Here’s the thing, though, she has valid points. Here’s the other thing, I think they’re the wrong points.
1. “Once a mark of poverty, handmade is hot these days.”
Um, really? For everyone? First of all, when making things by hand started, it was necessity, not poverty, that made it a reality. Secondly, this is not an objective truth. It’s a subjective statement, meaning, “in my world, [handmade was] once a mark of poverty.” Thirdly, this statement sucks all the joy out of making, suggesting that craft is solely about making ends meet post-Industrial Revolution, not about actually enjoying said act of craft. This is not a hot note to start on, but I digress.
2. “Our hunger for handmade has gone beyond aesthetics, uniqueness and quality. In progressive circles, buying handmade has come to connote moral virtue, signifying an interest in sustainability and a commitment to social justice.”
Nope nopity nope nope. Just because I care about sustainability and social justice doesn’t mean I get high on “moral virtue.” It means that I give a crap about how things are made and how the people that make them are treated. I make and buy handmade solely because of “aesthetics, uniqueness and quality.” And know scores of people who do, too. The fact that the Times has printed this as from a person who speaks for crafters is two things: a) sad and b) possibly delusional. I’ve read her writing and agree she has her points. However, her points are not the points of many of us.
3. “While buying homemade gifts is a lovely thing to do, thinking of it as a social good is problematic.”
According to Emily it is problematic. Because actually, here’s how and why craft can save the world. Learning to sew and knit and make garments teaches us how they are constructed. Those hours that we spend making garments are not to make ourselves socially superior. We make things because we like to make things. (Or maybe Matchar just hates making things and wants to prove a point?) And in learning how to make things, we begin to understand that the $10 shirt we buy at the store with the handbeading takes 10 hours (or more!) to make. Making things allows us to put this together, which then changes our buying practices. Since we’re a friendly bunch, our friends sometimes want to learn how to make things too, thus, they end up changing their own buying practices. We’re like a cult of slow-moving awesome.

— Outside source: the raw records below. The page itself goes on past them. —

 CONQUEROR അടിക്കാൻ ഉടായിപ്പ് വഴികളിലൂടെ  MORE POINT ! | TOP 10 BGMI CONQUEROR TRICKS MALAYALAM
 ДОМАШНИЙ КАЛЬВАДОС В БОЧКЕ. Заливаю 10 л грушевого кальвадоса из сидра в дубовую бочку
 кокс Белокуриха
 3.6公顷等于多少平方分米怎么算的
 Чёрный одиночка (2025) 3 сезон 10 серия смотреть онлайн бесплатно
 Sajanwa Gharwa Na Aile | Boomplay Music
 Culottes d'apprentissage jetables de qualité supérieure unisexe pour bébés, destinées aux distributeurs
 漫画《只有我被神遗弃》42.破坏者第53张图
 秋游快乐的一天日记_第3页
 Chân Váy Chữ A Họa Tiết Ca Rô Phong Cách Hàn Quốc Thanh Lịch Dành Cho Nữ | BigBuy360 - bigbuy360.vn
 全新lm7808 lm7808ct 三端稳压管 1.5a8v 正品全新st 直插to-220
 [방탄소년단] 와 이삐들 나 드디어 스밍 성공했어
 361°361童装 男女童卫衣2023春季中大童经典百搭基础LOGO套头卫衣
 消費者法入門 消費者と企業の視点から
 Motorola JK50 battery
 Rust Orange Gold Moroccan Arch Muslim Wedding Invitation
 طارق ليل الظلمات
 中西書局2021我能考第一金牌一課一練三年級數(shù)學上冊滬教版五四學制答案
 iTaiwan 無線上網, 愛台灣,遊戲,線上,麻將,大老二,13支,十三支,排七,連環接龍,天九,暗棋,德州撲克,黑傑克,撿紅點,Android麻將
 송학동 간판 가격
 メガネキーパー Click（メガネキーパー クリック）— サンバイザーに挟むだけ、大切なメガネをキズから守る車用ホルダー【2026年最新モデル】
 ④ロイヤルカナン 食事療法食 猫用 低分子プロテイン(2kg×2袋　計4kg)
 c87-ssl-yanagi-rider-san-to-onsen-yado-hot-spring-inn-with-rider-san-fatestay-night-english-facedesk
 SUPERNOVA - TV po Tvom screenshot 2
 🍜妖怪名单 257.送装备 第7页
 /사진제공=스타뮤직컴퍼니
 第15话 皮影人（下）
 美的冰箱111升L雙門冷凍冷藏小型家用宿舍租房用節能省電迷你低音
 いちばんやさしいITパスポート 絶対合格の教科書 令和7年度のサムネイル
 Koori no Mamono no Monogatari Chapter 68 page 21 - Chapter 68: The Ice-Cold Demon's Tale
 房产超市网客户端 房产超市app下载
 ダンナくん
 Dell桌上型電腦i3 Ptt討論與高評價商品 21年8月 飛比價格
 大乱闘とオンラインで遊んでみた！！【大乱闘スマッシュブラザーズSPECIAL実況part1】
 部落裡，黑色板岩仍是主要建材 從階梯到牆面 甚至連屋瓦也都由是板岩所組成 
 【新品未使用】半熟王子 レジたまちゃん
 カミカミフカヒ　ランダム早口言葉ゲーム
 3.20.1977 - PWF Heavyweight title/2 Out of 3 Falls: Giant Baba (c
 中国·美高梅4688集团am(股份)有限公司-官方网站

4. “Very few of us will order a $50 handmade scarf on Etsy when one is available for $5 at Target.”
What if the $5 one is horrible and the $50 is just what we want? Once we learn how to construct garments, the game changes. Plus, nylon won’t do wool’s job, amiright? Once we start to make things, we see that if we make (or buy) something that we truly want, we will want to keep it for 10 years (and if we’re choosy about materials, it can even last that long!), not 10 weeks. Making things wisens us up to the fast-fashion problem. And once we begin to put things in our wardrobes that we actually want, they stay. Items that we kind of-sort of like end up being discarded soon.
5. “Is it better for my dollar to go to the likable, just-like-me Brooklyn mom selling handmade headbands on Etsy or to a company that uses garment factories like Alta Gracia?”
Ah, Alta Gracia. This one sounds pretty good, right? Well, not until you realize that there is only ONE Alta Gracia. In fact, it is such a special unicorn there was that whole book written about it. Yes, it is better to put your money towards factories like Alta Gracia. But, in the fast fashion world, Alta Gracia’s are not the norm. Your average factory is doing things like locking doors on workers and not providing toilet paper and not conducting safety checks on fire escapes. Additionally, according to their website, Alta Gracia “sells “collegiate branded products†to the bookstore retail channel.” Now I sure as heck love my hoodies, but wearing sweatpants 24/7 is not my jam. If it is your jam, I apologize, as you were, you elastic-loving shapeless charmer! You are safe in the knowledge that your money is well spent! Yeah!
6. “These same economies of scale most likely make a toothbrush factory less wasteful, in terms of materials, than 100 individual toothbrush makers each handcrafting 10 toothbrushes a day.”
Wait a minute. How did we get to dental products? I am so confused. I do love an argument that is predicated with the words “most likely,” however, don’t you? In other words, there is nothing to see here, she’s just guessing at something to make an argument. Emily dear, I’ve seen your writing, you are worth more than guessing about toothbrushes in an article about scarves.
7. “A potentially positive effect of the handmade movement has been the creation of a new income stream for parents (mostly mothers) and others who need flexible work.”
Yes. This is a truism. The handmade movement has provided a lot of people flexibility to try new ventures. To some that ups the number of crochet dilettantes, but to me, it just means more people trying different ideas on for size… which is pretty dang rad.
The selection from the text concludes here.